Justice Leila Seth, the first woman judge of Delhi High Court and the first woman Chief Justice of a High Court, has said in an interview that sexual orientation should not be ground for discrimination, and that by not incorporating changes to rape law as proposed by Justice Verma Commission, LGBT community have been left out.
Justice Seth also talked about the struggle she had to face on being the first woman judge in the country, and of the deep seated misogyny and patriarchy among the judges. From being introduced as a “woman judge” to being asked to “organise parties”, Justice Seth shared how her colleagues would take it for granted that she would “naturally” do these things since she was a woman. She also spoke about how Chief Justice Tatachari, who was a very conservative man, refused to sit with her on the same Judicial Bench. Emphasizing the need to sensitise the judiciary on gender issues, she said that in rape cases, lower judiciary has a slightly different attitude.
Expressing her disappointment with the Supreme Court judgement on Section 377, Justice Seth said, “Supreme Court said it was just a few people.
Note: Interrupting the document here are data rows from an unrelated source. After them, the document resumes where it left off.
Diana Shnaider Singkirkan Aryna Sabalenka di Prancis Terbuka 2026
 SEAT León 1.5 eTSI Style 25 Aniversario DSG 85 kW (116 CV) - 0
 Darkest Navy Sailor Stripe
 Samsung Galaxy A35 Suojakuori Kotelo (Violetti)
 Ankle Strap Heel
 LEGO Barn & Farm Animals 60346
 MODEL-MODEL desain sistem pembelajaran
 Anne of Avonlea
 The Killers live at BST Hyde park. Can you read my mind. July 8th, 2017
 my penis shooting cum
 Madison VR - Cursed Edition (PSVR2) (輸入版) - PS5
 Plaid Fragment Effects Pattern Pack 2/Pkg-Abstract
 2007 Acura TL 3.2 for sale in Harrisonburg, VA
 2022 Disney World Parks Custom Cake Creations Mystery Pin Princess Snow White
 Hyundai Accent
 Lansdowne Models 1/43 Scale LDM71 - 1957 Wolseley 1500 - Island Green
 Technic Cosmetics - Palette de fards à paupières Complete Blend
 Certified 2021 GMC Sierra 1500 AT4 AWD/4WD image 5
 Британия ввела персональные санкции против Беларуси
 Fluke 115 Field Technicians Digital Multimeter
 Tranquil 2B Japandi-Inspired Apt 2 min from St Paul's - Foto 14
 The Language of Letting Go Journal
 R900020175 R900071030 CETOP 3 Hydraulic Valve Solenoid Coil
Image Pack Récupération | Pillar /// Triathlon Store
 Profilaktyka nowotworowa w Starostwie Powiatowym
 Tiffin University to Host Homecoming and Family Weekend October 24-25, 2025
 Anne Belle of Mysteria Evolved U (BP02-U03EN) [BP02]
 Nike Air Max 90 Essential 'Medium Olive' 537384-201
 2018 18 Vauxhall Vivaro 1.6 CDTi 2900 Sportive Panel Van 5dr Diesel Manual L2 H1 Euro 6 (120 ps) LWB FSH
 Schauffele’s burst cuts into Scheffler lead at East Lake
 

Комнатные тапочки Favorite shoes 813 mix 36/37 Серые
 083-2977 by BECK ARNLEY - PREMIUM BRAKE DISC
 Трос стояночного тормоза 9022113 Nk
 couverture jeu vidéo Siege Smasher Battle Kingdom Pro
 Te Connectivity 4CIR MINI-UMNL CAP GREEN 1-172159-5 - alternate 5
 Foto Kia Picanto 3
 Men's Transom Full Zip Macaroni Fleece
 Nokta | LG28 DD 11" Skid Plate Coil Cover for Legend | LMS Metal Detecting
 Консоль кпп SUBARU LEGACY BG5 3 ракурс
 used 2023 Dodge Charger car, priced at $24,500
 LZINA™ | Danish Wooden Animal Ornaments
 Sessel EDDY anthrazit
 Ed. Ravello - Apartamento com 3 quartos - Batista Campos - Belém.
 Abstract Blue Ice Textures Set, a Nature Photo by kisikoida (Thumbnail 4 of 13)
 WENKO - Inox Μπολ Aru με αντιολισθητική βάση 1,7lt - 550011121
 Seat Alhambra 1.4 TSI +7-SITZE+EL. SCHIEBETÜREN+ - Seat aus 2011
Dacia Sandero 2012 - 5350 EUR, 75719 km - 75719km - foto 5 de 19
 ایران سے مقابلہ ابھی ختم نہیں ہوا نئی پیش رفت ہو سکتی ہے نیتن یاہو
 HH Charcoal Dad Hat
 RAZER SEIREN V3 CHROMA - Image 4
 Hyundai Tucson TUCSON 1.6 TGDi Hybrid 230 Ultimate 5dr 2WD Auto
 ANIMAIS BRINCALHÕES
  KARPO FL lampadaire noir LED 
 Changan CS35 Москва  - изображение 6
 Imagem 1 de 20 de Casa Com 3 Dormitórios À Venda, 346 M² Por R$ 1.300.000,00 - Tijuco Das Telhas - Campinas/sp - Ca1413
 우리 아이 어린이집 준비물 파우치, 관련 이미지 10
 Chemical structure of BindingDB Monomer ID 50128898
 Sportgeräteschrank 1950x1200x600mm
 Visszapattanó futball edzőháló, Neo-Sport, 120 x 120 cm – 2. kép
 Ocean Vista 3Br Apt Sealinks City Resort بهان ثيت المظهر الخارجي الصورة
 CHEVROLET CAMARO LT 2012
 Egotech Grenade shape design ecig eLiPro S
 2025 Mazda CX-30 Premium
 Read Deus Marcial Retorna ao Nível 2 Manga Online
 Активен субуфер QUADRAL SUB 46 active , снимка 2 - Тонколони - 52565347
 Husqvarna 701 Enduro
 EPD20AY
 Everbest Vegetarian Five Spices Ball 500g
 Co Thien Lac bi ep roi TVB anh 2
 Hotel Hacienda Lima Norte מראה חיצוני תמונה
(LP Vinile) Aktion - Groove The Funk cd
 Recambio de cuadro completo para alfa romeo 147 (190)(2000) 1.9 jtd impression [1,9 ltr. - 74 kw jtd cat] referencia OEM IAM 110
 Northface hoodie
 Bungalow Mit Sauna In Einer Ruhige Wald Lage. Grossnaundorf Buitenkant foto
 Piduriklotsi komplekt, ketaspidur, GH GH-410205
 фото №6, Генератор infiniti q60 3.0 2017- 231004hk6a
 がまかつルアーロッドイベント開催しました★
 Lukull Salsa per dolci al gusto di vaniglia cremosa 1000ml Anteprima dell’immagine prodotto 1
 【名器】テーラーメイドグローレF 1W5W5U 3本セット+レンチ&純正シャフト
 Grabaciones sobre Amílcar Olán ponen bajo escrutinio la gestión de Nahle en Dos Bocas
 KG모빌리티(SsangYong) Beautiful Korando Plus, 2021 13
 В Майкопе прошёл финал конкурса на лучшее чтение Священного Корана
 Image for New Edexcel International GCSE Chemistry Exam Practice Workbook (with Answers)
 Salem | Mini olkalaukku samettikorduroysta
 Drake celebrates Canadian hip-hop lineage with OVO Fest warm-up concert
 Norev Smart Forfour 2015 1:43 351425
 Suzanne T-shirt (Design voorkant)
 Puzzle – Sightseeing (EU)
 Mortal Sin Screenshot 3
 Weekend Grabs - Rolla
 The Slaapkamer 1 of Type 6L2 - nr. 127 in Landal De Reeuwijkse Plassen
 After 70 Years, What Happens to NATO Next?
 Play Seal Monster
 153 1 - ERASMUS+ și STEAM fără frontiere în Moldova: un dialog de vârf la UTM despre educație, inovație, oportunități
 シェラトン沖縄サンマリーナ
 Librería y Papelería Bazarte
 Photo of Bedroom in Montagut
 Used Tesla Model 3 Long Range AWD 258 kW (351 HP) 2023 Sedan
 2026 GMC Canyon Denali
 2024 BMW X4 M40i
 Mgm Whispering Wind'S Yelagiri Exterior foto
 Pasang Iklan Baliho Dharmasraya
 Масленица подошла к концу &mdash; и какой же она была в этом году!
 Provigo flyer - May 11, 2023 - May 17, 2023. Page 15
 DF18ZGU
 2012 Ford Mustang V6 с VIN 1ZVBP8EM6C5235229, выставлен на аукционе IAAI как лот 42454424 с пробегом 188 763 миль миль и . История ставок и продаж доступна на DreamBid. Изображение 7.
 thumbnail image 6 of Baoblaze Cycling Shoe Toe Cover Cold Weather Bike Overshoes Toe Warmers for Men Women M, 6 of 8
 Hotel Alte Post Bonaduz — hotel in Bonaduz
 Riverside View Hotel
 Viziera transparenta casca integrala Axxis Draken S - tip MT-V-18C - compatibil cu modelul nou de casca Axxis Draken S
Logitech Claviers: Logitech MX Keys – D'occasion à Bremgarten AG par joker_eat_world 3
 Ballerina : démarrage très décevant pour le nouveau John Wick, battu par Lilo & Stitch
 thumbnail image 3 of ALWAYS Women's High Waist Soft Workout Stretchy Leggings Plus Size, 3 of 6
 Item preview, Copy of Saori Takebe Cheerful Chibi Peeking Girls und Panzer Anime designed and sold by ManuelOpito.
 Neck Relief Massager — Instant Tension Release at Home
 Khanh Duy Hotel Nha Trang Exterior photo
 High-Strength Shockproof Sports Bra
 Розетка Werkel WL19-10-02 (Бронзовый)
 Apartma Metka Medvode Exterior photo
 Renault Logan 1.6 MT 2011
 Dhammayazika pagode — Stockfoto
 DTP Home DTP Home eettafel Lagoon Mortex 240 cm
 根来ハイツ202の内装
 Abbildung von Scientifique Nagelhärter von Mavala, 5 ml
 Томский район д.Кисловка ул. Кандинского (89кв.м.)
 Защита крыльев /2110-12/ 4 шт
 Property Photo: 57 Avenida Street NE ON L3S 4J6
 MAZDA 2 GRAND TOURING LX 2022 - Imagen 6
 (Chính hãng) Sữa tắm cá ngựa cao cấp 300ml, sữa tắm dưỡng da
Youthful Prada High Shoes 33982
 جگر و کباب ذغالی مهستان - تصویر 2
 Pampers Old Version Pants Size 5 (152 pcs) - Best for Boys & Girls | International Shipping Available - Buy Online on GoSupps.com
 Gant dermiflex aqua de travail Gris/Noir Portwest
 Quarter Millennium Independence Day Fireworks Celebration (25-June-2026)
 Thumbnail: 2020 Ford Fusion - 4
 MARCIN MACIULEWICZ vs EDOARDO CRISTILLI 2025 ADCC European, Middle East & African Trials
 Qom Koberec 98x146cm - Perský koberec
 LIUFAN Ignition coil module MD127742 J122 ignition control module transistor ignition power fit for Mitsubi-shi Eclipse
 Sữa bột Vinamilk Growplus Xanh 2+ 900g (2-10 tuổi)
They don’t understand that it affected probably 5% of the population.” She also pointed that the existence of Sec 377 on the statute books made it harder for gay men and women to come out, and shared her own fears and struggles when her son came out as bisexual.
Justice Seth also felt that the rape law could have been more inclusive and taken into consideration the victimization of transgender and gays, who often have no legal recourse in matters of sexual abuse. “While the Law commission has suggested that it should be gender neutral, the Verma Commission suggested something in between, where the perpetrator is a man and the victim could either be a man or a woman.. When the Act came out, the perpetrator was a man and the victim was a woman. The transgender and LGBT communities were left out, so I don’t think it was a right decision.”